Re: WIP Patch: Add a function that returns binary JSONB as a bytea

От
Andres Freund
Дата:
Hi,

On 2018-11-02 17:02:24 -0400, Andrew Dunstan wrote:
> On 11/02/2018 11:34 AM, Merlin Moncure wrote:
> > 
> > Binary format consuming applications already have to deal with these
> > kinds of issues. We already expose internal structures in the other
> > functions -- not sure why jsonb is held to a different standard.  For
> > other data types where format changes were made, the standard of
> > 'caveat version' was in place to protect the user.  For jsonb we
> > decided to implement a version flag within the type itself, which I
> > thought mistake at the time -- better to have a version header in the
> > COPY BINARY if needed.
> > 
> 
> 
> jsonb_send does output a version header, as I pointed out upthread.

That's Merlin's point I think. For reasons I don't quite understand he
doesn't like that. Yes, a global solution would have been prettier than
per-datum version flag, but that obvioulsy wasn't realistic to introduce
around the feature freeze of the version that introduced jsonb.

Greetings,

Andres Freund


Re: WIP Patch: Add a function that returns binary JSONB as a bytea

От
Andrew Dunstan
Дата:

On 11/02/2018 05:20 PM, Andres Freund wrote:
> Hi,
>
> On 2018-11-02 17:02:24 -0400, Andrew Dunstan wrote:
>> On 11/02/2018 11:34 AM, Merlin Moncure wrote:
>>> Binary format consuming applications already have to deal with these
>>> kinds of issues. We already expose internal structures in the other
>>> functions -- not sure why jsonb is held to a different standard.  For
>>> other data types where format changes were made, the standard of
>>> 'caveat version' was in place to protect the user.  For jsonb we
>>> decided to implement a version flag within the type itself, which I
>>> thought mistake at the time -- better to have a version header in the
>>> COPY BINARY if needed.
>>>
>>
>> jsonb_send does output a version header, as I pointed out upthread.
> That's Merlin's point I think. For reasons I don't quite understand he
> doesn't like that. Yes, a global solution would have been prettier than
> per-datum version flag, but that obvioulsy wasn't realistic to introduce
> around the feature freeze of the version that introduced jsonb.
>
>
>


Oh, hmm.
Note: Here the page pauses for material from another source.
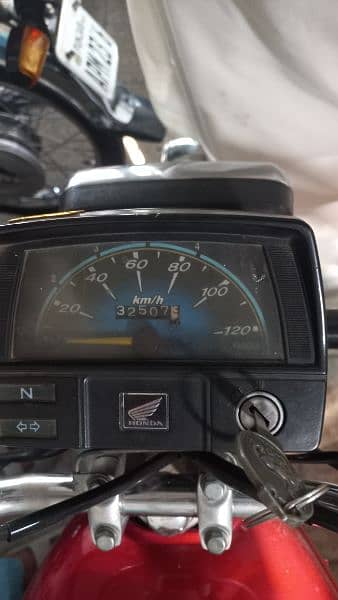 Honda Cd 70 18 model available on usama motors 3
It would have been a big change of little value, ISTM. One byte 
of overhead per jsonb datum for a version indicator doesn't seem a huge 
price to pay.

cheers

andtrew

-- 
Andrew Dunstan                https://www.2ndQuadrant.com
PostgreSQL Development, 24x7 Support, Remote DBA, Training & Services



Re: WIP Patch: Add a function that returns binary JSONB as a bytea

От
David Fetter
Дата:
On Wed, Oct 31, 2018 at 11:18:46AM -0400, Stephen Frost wrote:
> Greetings,
> 
> * Tom Lane (tgl@sss.pgh.pa.us) wrote:
> > Stephen Frost <sfrost@snowman.net> writes:
> > > * Tom Lane (tgl@sss.pgh.pa.us) wrote:
> > >> I dunno, I do not think it's a great idea to expose jsonb's internal
> > >> format to the world.  We intentionally did not do that when the type
> > >> was first defined --- that's why its binary I/O format isn't already
> > >> like this --- and I don't see that the tradeoffs have changed since then.
> > 
> > > I disagree- it's awfully expensive to go back and forth between string
> > > and a proper representation.
> > 
> > Has anyone put any effort into making jsonb_out() faster?  I think that
> > that would be way more productive.  Nobody is going to want to write
> > code to convert jsonb's internal form into whatever their application
> > uses; particularly not dealing with numeric fields.
> 
> I'm all for making jsonb_out() faster, but even a faster jsonb_out()
> isn't going to be faster than shoveling the jsonb across.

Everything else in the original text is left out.